▶ **What the exercise asks**
With the line containing "Кроссовки для девочек" as the starting point, output every line of the data below through its final line, character for character.

▶ **Dataset excerpts**
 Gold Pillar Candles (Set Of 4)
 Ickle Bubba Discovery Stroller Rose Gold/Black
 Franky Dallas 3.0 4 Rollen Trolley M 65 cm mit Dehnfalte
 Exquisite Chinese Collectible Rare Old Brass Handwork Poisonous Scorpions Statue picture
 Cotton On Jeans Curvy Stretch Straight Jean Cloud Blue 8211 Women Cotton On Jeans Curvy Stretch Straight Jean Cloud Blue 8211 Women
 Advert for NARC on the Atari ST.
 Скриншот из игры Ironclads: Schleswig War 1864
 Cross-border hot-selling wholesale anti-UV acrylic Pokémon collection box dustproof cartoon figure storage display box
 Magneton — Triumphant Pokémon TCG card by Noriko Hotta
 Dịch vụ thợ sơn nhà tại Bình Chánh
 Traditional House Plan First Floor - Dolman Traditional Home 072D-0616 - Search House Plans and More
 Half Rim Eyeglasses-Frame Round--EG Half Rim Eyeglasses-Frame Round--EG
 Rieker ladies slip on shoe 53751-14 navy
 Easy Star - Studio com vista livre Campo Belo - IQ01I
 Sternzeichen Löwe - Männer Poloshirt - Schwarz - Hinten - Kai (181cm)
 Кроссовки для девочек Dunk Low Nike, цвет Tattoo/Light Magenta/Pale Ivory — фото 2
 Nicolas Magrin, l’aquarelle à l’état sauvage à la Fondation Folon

▶ **Exercise response**
 Кроссовки для девочек Dunk Low Nike, цвет Tattoo/Light Magenta/Pale Ivory — фото 2
 Nicolas Magrin, l’aquarelle à l’état sauvage à la Fondation Folon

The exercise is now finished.